Housebound, Gerard Johnstone
Another comedy horror from New Zealand about a woman sentenced to house arrest in her childhood home which might also be haunted. I rarely have so much fun watching a movie as I did with this confidently directed, brilliantly acted flick that hits a home run both on the comedy and the horror front. Go Kiwi filmmakers!
Boyhood, Richard Linklater
The sheer novelty of the idea of shooting a film over a period of 11 years with the same actors is enough to make you wanna see it, but it’s also a really good coming-of-age movie that at its core tries to explore the role of parents as behavioral models for their children, and how childhood experiences inform later decisions in life. An interesting experiment that offers a different perspective on growing up.
The Double – Richard Ayoade’s debut as director is a quirky, intruiguing take on the apparently very popular issue of doppelgängers.
Cold In July – In making this his comeback movie, Don Johnson chose very wisely, and delivered a very good performance. Ditto for Sam Shepard and Michael C. Hall (of Six Feet Under and Dexter fame), with the latter showcasing an amazing array of emotions. A many-layered, emotional film with enough surprising turns to keep you glued to the screen.
Nebraska – A sombre, heart-wrenching look at old age and family bonds, in turns funny, tragic, and warm. Amazing performance by Bruce Dern.
Locke – For a movie that takes places entirely inside a car, and relies solely on the delivery of a single actor – a very good Tom Hardy – I didn’t find it boring at all. Life-altering conversations are conducted over the phone, and the story unfolds within an hour’s drive on English motorways. For me, it worked.
Tim’s Vermeer – a bit of a slow burner for nerdy types, this documentary casts a different light on the life and works of Dutch painter Jan Vermeer, specifically on theories as to how he created some of his most famous paintings. The light is (literally) shed by American entrepreneur and inventor Tim Jenison through his daring experiment of recreating/duplicating Vermeer’s painting techniques.

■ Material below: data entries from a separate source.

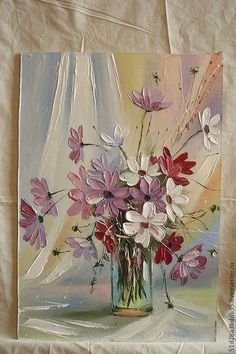 a painting of pink and white flowers in a glass vase on a tan cloth background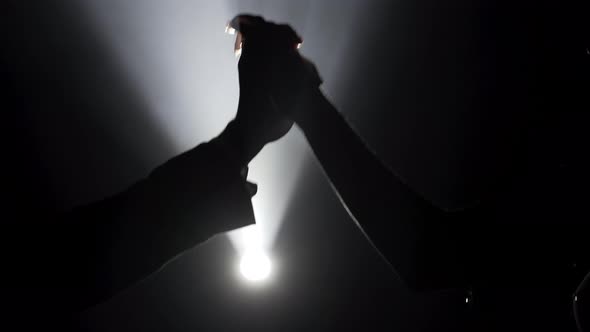 Man and Woman Palms Holding Together on Black Background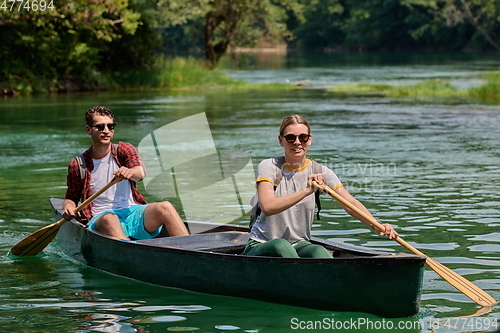 Image of friends are canoeing in a wild river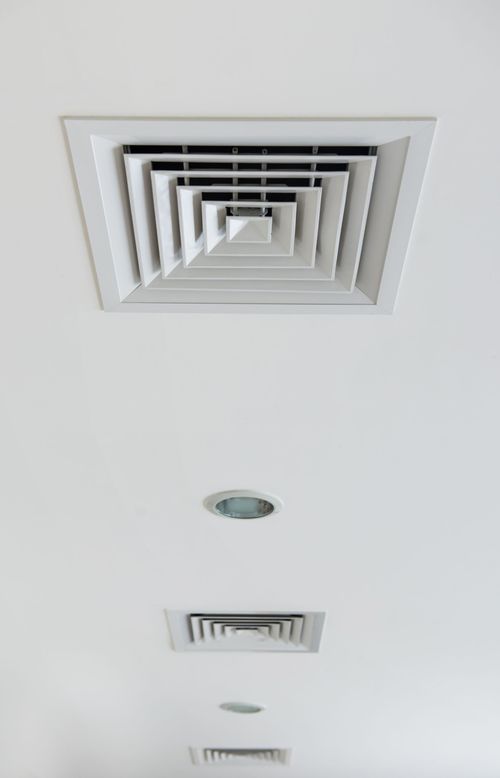 White ceiling with a large square air vent, a recessed light, and smaller vents arranged in a line.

To Be Takei – this is a feel-good documentary about overcoming difficult odds, and finding love (in a hopeless place). And of course, it’s about George Takei, so what’s not to like?

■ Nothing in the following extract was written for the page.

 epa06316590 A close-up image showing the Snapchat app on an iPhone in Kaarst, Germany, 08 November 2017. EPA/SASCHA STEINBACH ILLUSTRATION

The Clouds of Sils Maria – Awesome performances by Juliette Binoche and Kristen Stewart (the girl knows how to pick her roles), and an interesting story unfolding against a backdrop of stunning Alpine scenery. For a literary-minded girl like me, this was a very rewarding movie on several levels.

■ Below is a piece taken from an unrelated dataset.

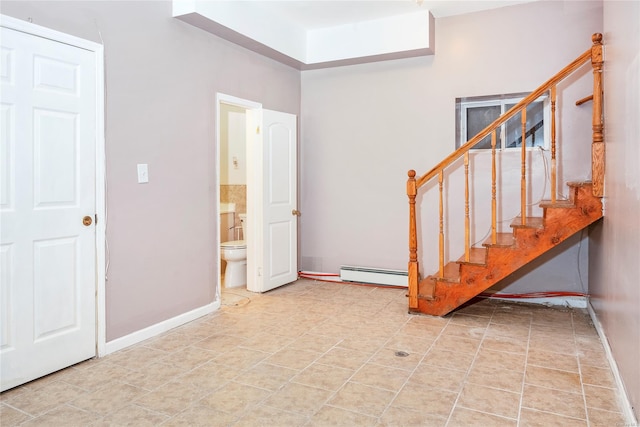 foyer with a baseboard heating unit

Nightcrawler – like I said, this was a good year to be Jake Gyllenhaal.
Begin Again – after the wonderful, deeply moving Once, John Carney’s latest effort is grievously disappointing in trying to badly replicate the success story that was Once. Boring, unengaging, predictable, no chemistry between lead characters, third-rate musical score (in a film about making music). Truly appalling.
Noah – One really comes to expect something different and out of the ordinary, if not always brilliant, from Darren Aronofsky. That the same person directed Requiem For A Dream, Black Swan, and this Easter-time atrocity really requires a willing suspension of disbelief. There can be no excuse for bad CGI in 2014, and yet both I, Frankenstein (one of this year’s worst movies, maybe also of all time) and Noah effectively dismiss that notion in one fell swoop. It pains me to even have to mention these two in the same sentence, but at least the former has a third-rate director, cast, and budget to account for its awfulness. What is Aronofsky’s excuse again?
What were some of the movies you enjoyed watching this year?